III. TRUST IN GOD LEADS TO SUCCESS IN LIFE. "And the Lord was with him; and he prospered whithersoever he went forth" (ver. 7). He was victorious over his enemies. He threw off the yoke of the King of Assyria, and drove back the Philistines, who had made great inroads during the previous reign. When the people honored God, their God honored them and gave them victories over their enemies. As a reward of Hezekiah's faith and faithfulness, God gave him much riches and honor. Hezekiah had trusted God at the beginning of his reign. He had done God's will, though he did not know what it might cost him, and before he was established on the throne. And God did not disappoint his trust, but made him greater and more honored than all the kings of Judah before or after his time. Even in a temporal point of view, no one ever loses by trusting God and doing what is right. Christ promises that every one who is willing to give up every earthly possession for his sake will receive an hundredfold more in this life, and in the world to come life everlasting. We saw, above, the dangers of prosperity. Hezekiah's career shows us what is the safeguard of prosperity. "The Lord was with him." Where that can be said, there is no danger in prosperity. In the godless man, prosperity is often a curse. It hardens his heart. He thinks that he is rich and increased in goods and has need of nothing. But the prosperity of the Christian may be a great blessing to himself and others. Take with you into your business, into your social relations, into every plan you make and every work you undertake, the presence of God, the fear of God, the commandments of God; and then there will be no fear of your success. Trust in the Lord. Put your eternal interests into the hands of Jesus. He is worthy of your trust. They that trust themselves to him shall never perish. Trust in the Lord, that it may lead you to personal religion, to practical effort, to success in life.

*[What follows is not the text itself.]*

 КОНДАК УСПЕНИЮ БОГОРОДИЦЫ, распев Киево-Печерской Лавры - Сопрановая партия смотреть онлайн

"Set thou thy trust upon the Lord.
And be thou doing good,
And so thou in the land shalt dwell,
And verily have food." C.H.I.







He trusted in the Lord God of Israel.
This is the writer's summing up of the character of Hezekiah, before he enters on the details of his reign. It is a lofty and unconditioned eulogium, making no reference to faults. There are no shadows in the picture, and, of course, in so far it may be taken to be a too favourable likeness. But that is the way that God judges, about men, by the general, drift of their lives, and He does not grudge to praise them.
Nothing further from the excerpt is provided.